TLS for Sentinel Syslog CEF Data connector(Secure Transfer of logs to Sentinel Log analytics workspa

Sentinel Data Connector Syslog CEF is a feature that allows you to collect data from a variety of sources using the Common Event Format (CEF) or Syslog protocol and send it to Azure Sentinel, a cloud-based security information and event management (SIEM) solution. This connector allows you to integrate your existing security tools and devices with Sentinel and gain more visibility and insight into network and security events.

Collecting syslog and CEF messages in Microsoft Sentinel – AMA | microsoft run

Connections using this method are over TCP/UDP 514 in plain text.

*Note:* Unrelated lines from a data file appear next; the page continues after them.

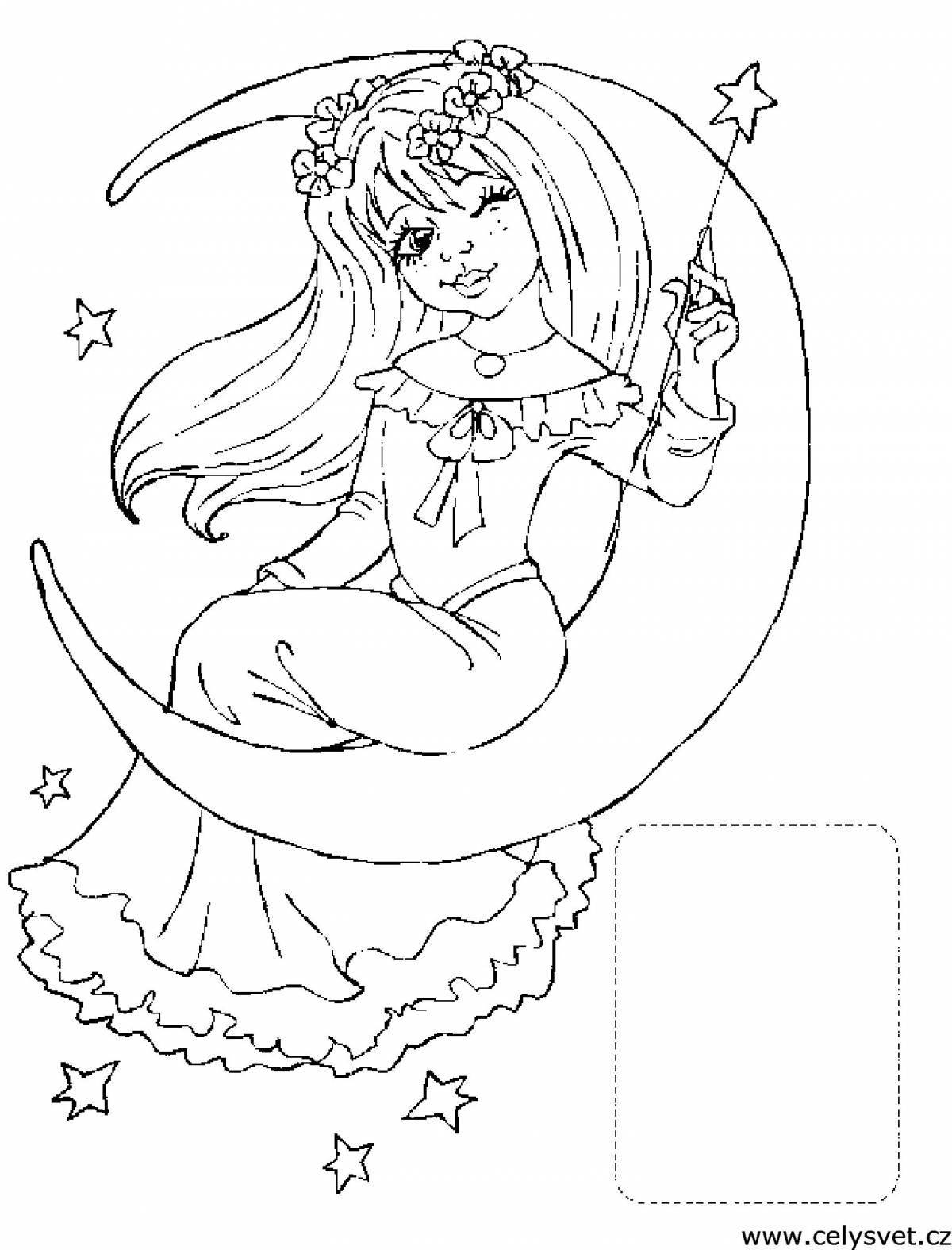 Serene coloring page super for girls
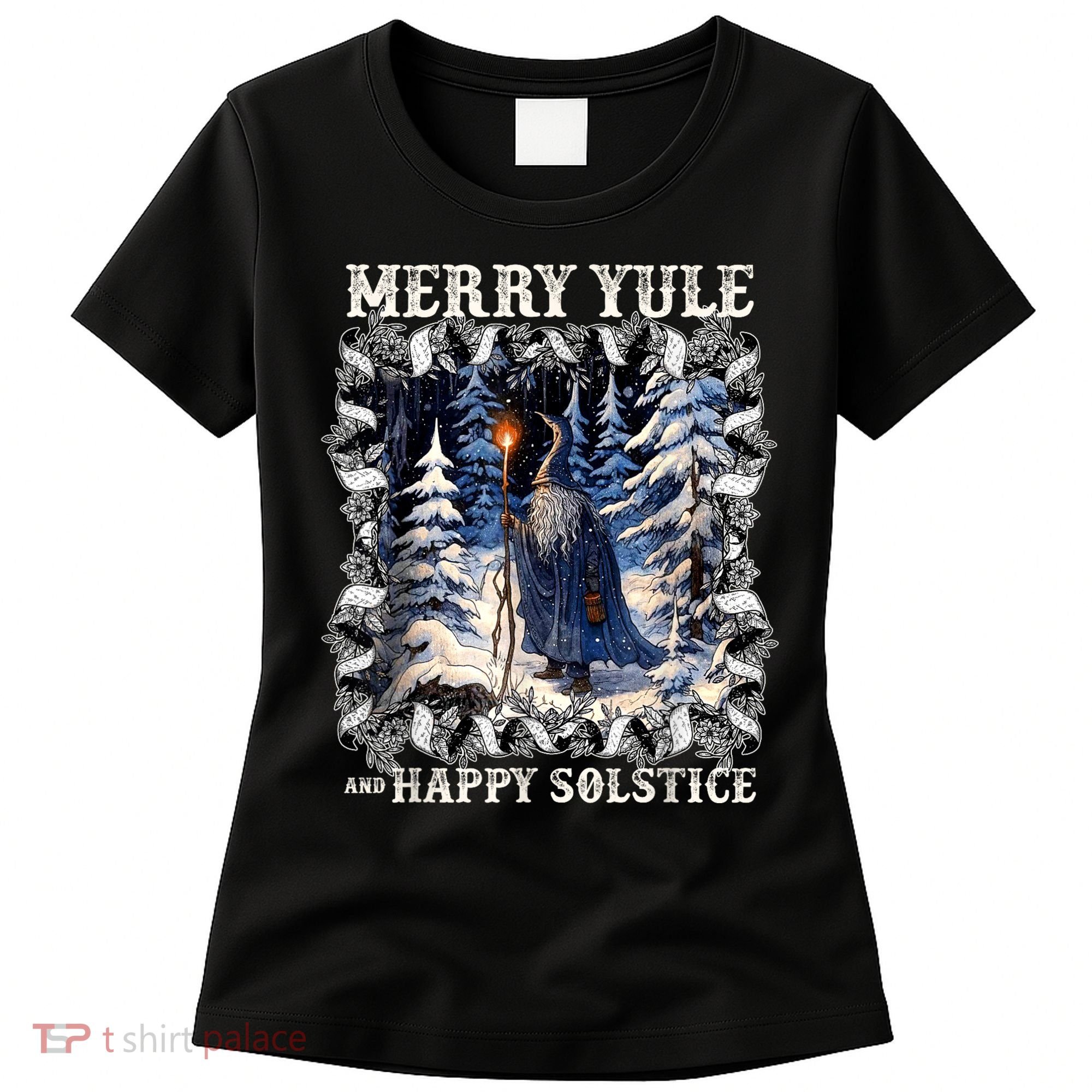 Merry Solstice Happy Yule Christmas Bird Nordic Xmas Graphic Women's T-Shirt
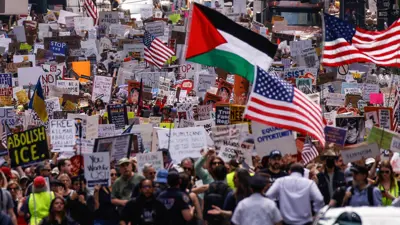 من مظاهرات مؤيدة للفلسطينيين في واشنطن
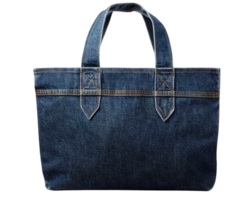 A denim tote bag with a zipper closure png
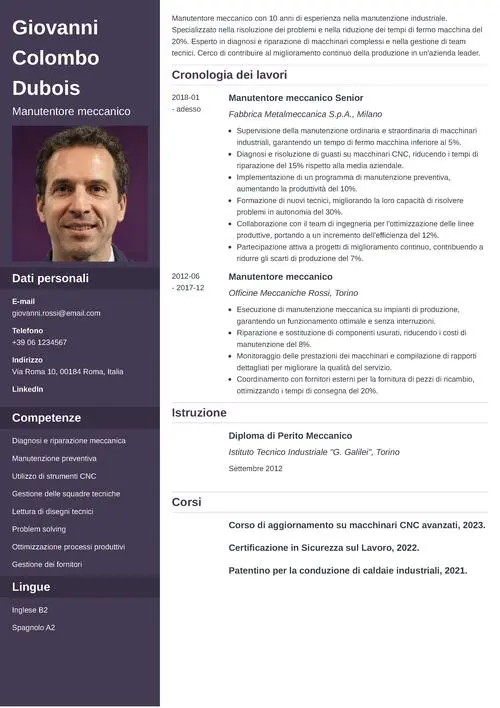 esempio curriculum vitae manutentore meccanico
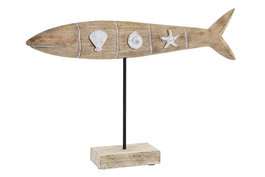 DKD Home Decor Figura Pez en Mango y Aluminio Natural Marrón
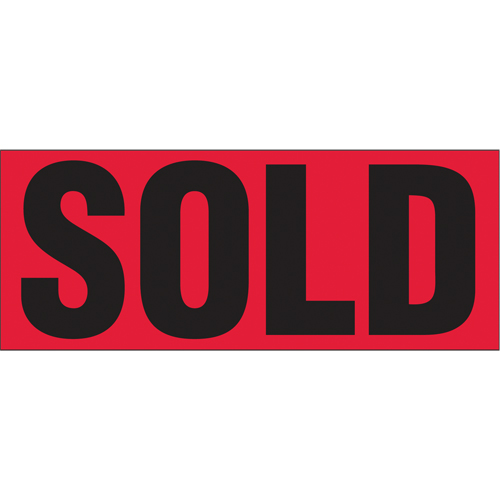 &eacute;tiquettes pour traitement sp&eacute;cial Sold, 5" lo x 2" la, Noir/rouge Oxford Builders Supplies Inc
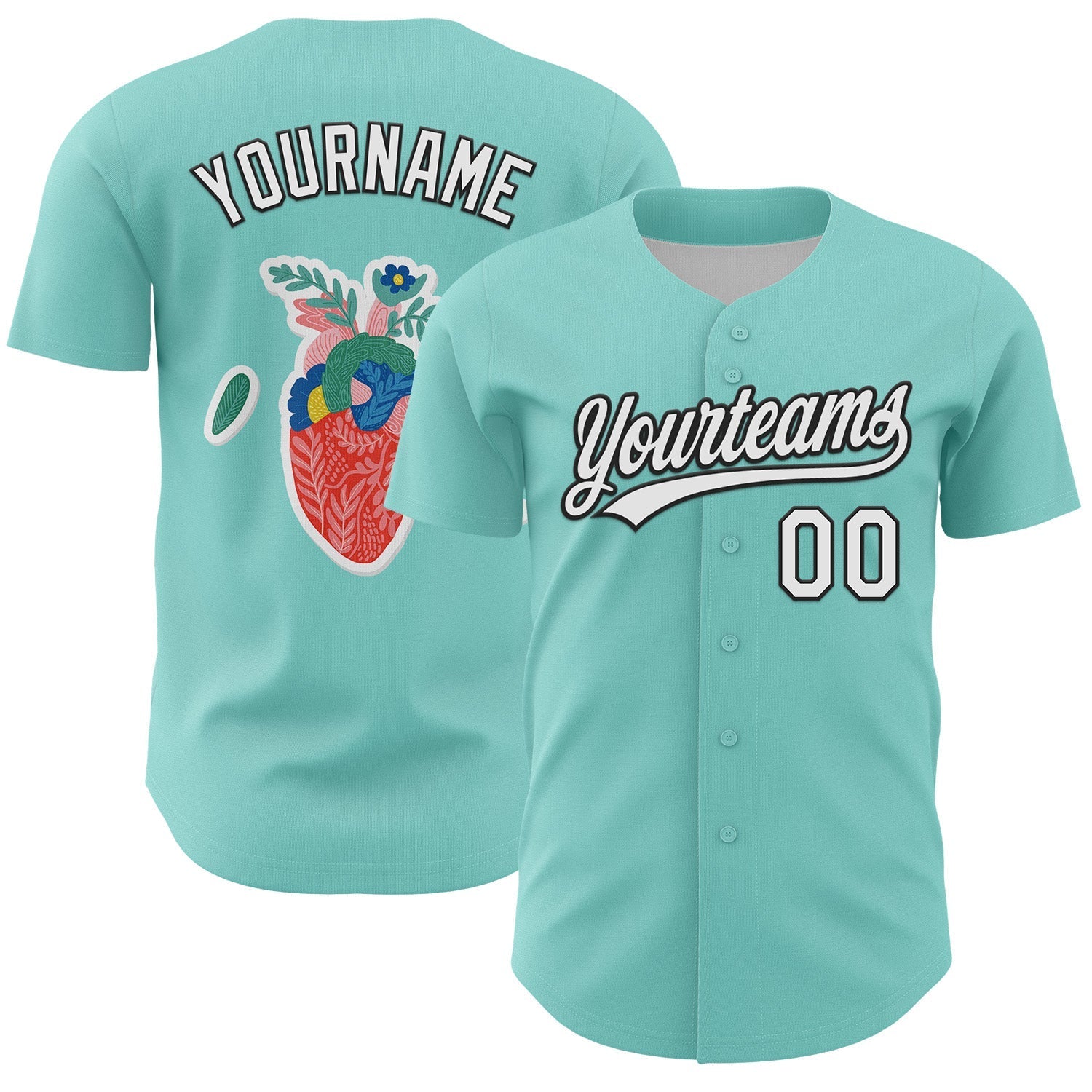 Custom Ice Blue White-Black 3D Love Heart Valentine's Day Authentic Baseball Jersey baseball jersey product view 1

However, some sources may require a secure connection to transmit data using Syslog over Transport Layer Security (TLS). This encrypts and authenticates data between sender and receiver. This article shows how to configure TLS for Syslog on a Linux system and connect to Azure Sentinel using the Sentinel Data connector for CEF.

There are two scenarios where you need to establish an encrypted connection between a data source and the Syslog CEF log collector.

1. Third-party data sources must use TLS connections to send syslog events.
2. Customers want to protect their data over the public Internet by leveraging TLS connections.

For example, if we look at the existing Sentinel data connector for McAfee ePolicy Orchestrator (ePO), we’ll show you how to deploy Linux systems using Syslog and then deploy the OMS agent. However, Mcafee ePO requires the use of a TLS connection between Mcafee ePO and the Syslog collector. The Sentinel data connector does not guide you through using TLS connections and related configuration.

Configuring TLS for Syslog

To address this requirement, you must configure the syslog collector to allow TLS connections from data sources such as Mcafee ePO by following the steps below. This example is based on GnuTLS.

1. Install required packages such as rsyslog-gnutls on your Linux system.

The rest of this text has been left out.